Stało się już pewne i udowodnione, że cokolwiek w Polsce by się nie działo, ta ma być i będzie rugana, obsmarowywana i wizerunkowo niszczona. Tak będzie, póki Polska nie wróci do pozycji wasalnej wobec krajów – jak już wprost zostało powiedziane przez Panią Merkel, które realizują swe interesy w ramach UE. To oznacza wprost przyznanie instrumentalnego traktowania konkretnej i realizowanej faktami dokonanymi Unii dwóch prędkości. Ta wypowiedź była reakcją na wystąpienie Prof. Ryszarda Legutki i chwała Mu za to, że wydusił prawdę z fałszywych deklaracji o równości prawach itd. Fakty jakie w Marszu były i w Polsce są, każdy na miejscu mógł i może widzieć i widzi. Prawda o co najmniej ćwierć milionie ludzi dumnych z bycia Polakami jest prosta i oczywista. I rzeczywiście dla niektórych przerażająca swą siłą. Z kolei też widać jak oczywiście jest absurdalna fala błota i to międzynarodowego – lansująca obraz państwa potwora i jak się ona ma do rzeczywistości. Do realizacji z gruntu fałszywego obrazu Polski, w tekstach (pisanych najwyraźniej przed marszem), z podłożonymi zdjęciami z innych w ogóle i nie polskich zdarzeń, dodawano komentarze obliczone chyba na ludzi, którzy często nie wiedzą gdzie jest, i co to jest ta Polska. Chyba leży w okolicach Moskwy a białe niedźwiedzie chodzą w tej dziczy po ulicy. I taki obraz jest utrwalany. Szczególnie jest w tym haniebne i konieczne do zapamiętania ma najbliższą przyszłość wyborczą, że z udziałem ludzi powołujących się na swój, i to polski mandat parlamentarny. Dodajmy, że oczywiście należy uznać za racjonalne robienie tego, co robi każde państwo podejmując obronę swej suwerenności, w ramach przestrzegania prawa, w tym i wynikającego z zapisów Traktatu Akcesyjnego. Z tym nie miała najmniejszego problemu Pani Kanclerz Niemiec mówiąc o priorytecie interesu Niemiec wobec interesu Unii. Tym samym musi się uznać, że wychodzenie poza ustalone ramy jest działaniem wrogim wobec Polski i demontującym spójność Unii Europejskiej. Obecne niszczenie wizerunku Polski na arenie międzynarodowej ma bezpośredni związek z dwoma okolicznościami, które muszą być wprost wyakcentowane zgodnie z zasadą, iż jasne mówienie prawdy pomaga i jest działaniem ku dobremu.

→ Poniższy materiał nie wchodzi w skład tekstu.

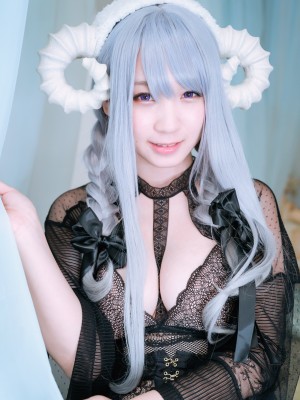 [りんりんいおりん (伊織もえ)] いおりんキュバス3_228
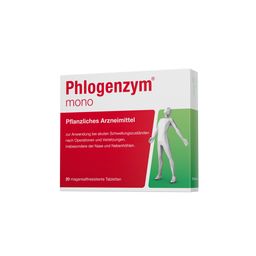 Phlogenzym® mono Tabletten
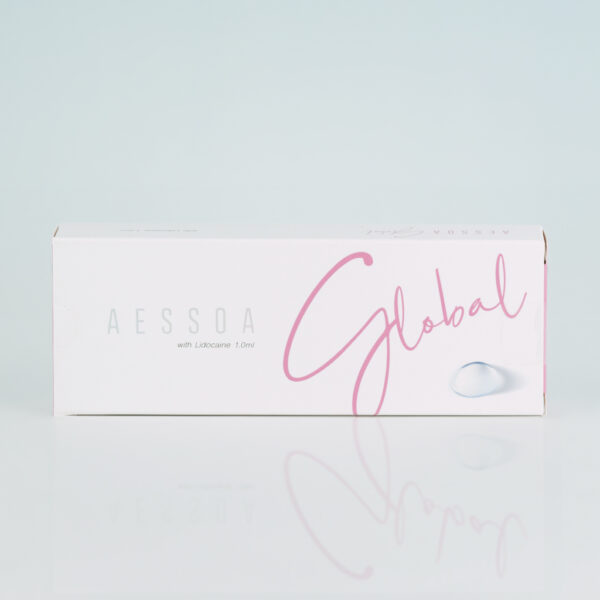 Aessoa Global Lidocaine 1 x 1 мл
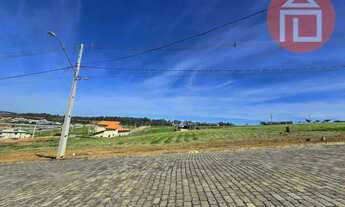 Imagem 4: Terreno à venda, 1025 m² por R$ 500.000,00 - Condomínio Eco Curitibanos Residence - Bragan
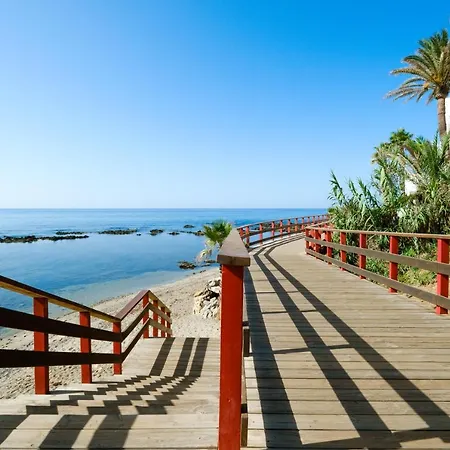 Beautiful Torreoceano 92, Pool, Access *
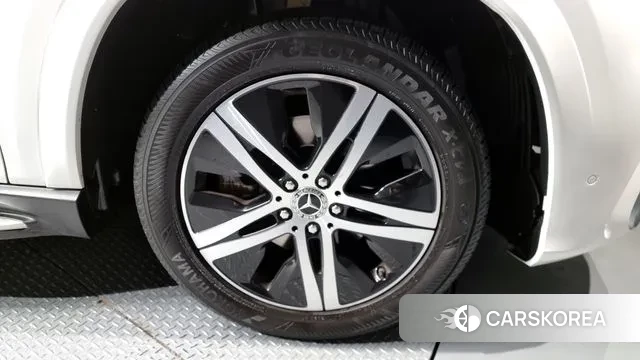 Mercedes-Benz GLE-Class W167 id 3514903 из Кореи 15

Pierwszą okolicznością jest skuteczne dochodzenie naszego kraju do pozycji równoprawnego podmiotu w funkcjonowaniu Unii Europejskiej. Stając w pozycji partnerskiej, na gruncie prawa traktatowego, musimy wykluczyć uległość wobec działań i rozwiązań tworzonych ad hoc na gruncie prawa powielaczowego, tworzonego metodą faktów dokonanych przez administrację UE. To co powyżej, ma wymiar ściśle ekonomiczny.

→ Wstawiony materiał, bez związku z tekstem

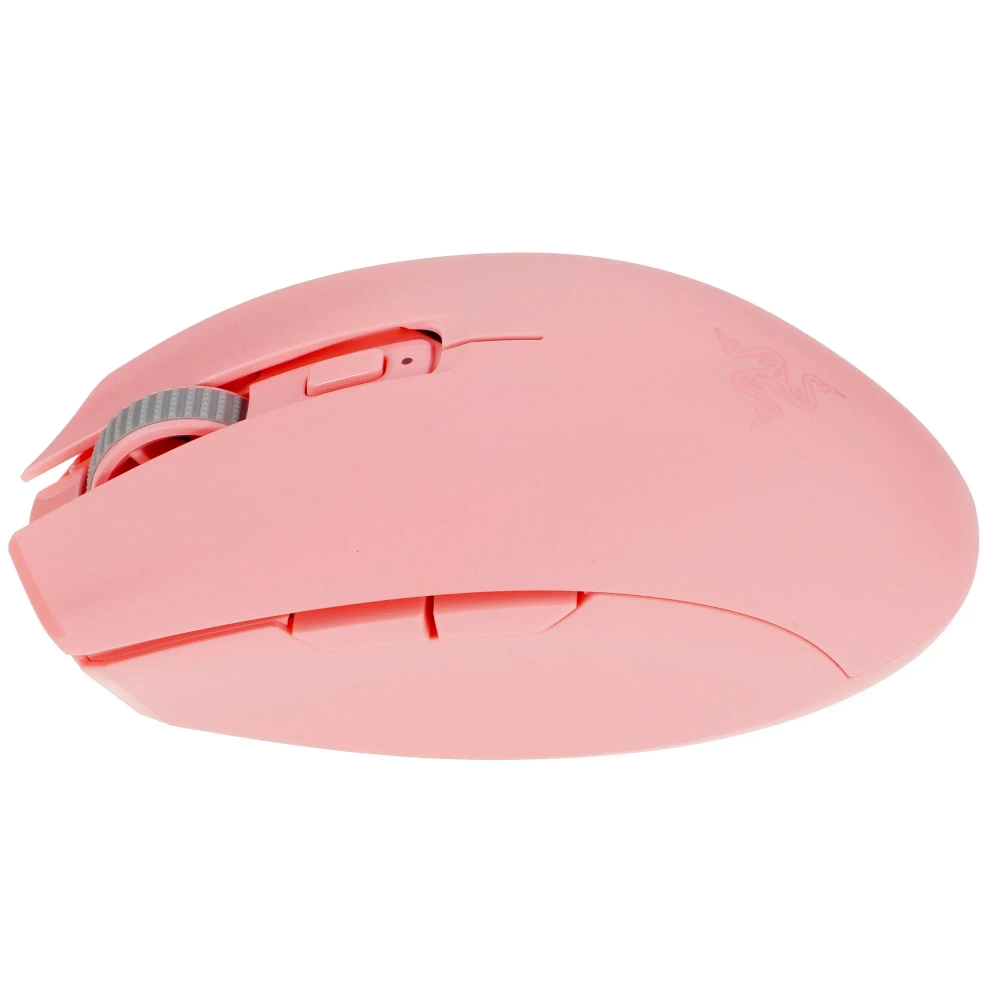 Мышь Razer Orochi V2 Quartz (RZ01-03731200-R3G1)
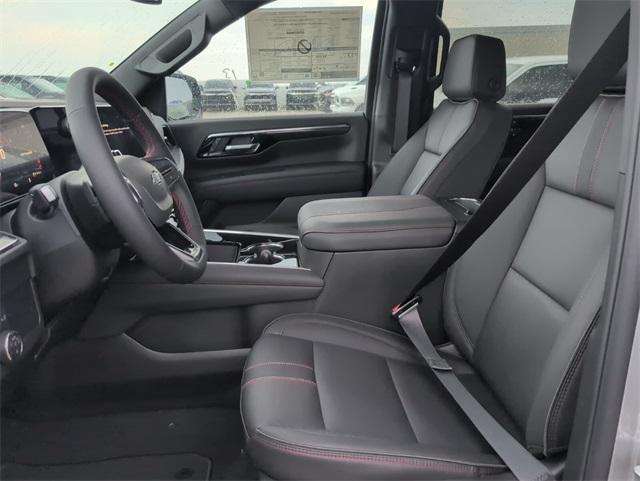 new 2025 Chevrolet Tahoe car, priced at $69,667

Druga okoliczność na którą należy wskazać, ma podłoże ściśle ideologiczne. Nie ulega wątpliwości, że Polska stanowi, można wręcz powiedzieć znaczące ogniwo, jest liderem, grupy państw europejskich, w których chrześcijaństwo nie tylko żyje, lecz też leży u korzeni zachowań społecznych, buduje tożsamość narodową, stanowiąc realny opór wobec zakusów lewactwa i liberalizmu. Zakusy te co wyraźnie trzeba powiedzieć pozostają w sprzeczności z treścią umowy akcesyjnej zapewniającej wolność światopoglądów obywateli. Są wprowadzaniem konkretnego światopoglądu jako narzuconego i obowiązującego ideologicznie. Tym poglądem ma być wiara w nieistnienie Boga, jako wręcz neowiara. Ta jest nazywana nie wiedzieć na jakich podstawach - neutralnością, choć jej faktyczne wprowadzenie jako poglądu obowiązującego powszechnie, oznacza wprost dyskryminację poglądu opartego o wiarę w Boga. Jest po prostu tworzeniem systemu społecznego opartego o zburzenie zasad, na których są dziś zbudowane więzi społeczne cywilizacji łacińskiej. W tym zakresie sprawy ideologiczne są podporządkowane interesom–biznesowi. Cel tych zabiegów jest dość oczywisty. Dla wielu kręgów zakwestionowanie wszystkiego, co buduje i wiąże ze sobą społeczeństwo i nie pozwala na uczynienie z niego rodzaju pulpy społecznej – bezkształtnej i podatnej na wszelkie manipulacje przy kasie i urnie jest niezbędne. Jak wiadomo – bez wiedzy i pamięci, Naród musi zginąć. I to jest obok biznesowego, cel stricte polityczny – doprowadzenie do likwidacji państw narodowych na rzecz sklejenia z nich jakiegoś europaństwa opierającego się na braku więzi i na zasadach dowolnie zmienianych wedle potrzeb. Pani Róża Thun – jest członkiem takiej frakcji w UE, która wprost to mówi. Powstanie wspomnianej powolnej pulpy społecznej, wykreślenie dziedzictwa chrześcijaństwa, na których była budowana Unia Europejska jako porozumienie Państw i Narodów - oznacza panowanie ekonomiczne i władzę nad narodami. Europy. Polska jest tu zaporą i całe wysiłki – niestety z pomocą osób widzących w tym swoje szanse na powrót do władzy w Polsce – są nakierowane na jej obalenie cudzymi rękoma. W tej walce o olbrzymią władzę i panowanie ekonomiczne - wedle atakujących – nie ma czegoś takiego jak zasady, uczciwość w odwoływaniu się do prawdy. Liczy się skuteczność.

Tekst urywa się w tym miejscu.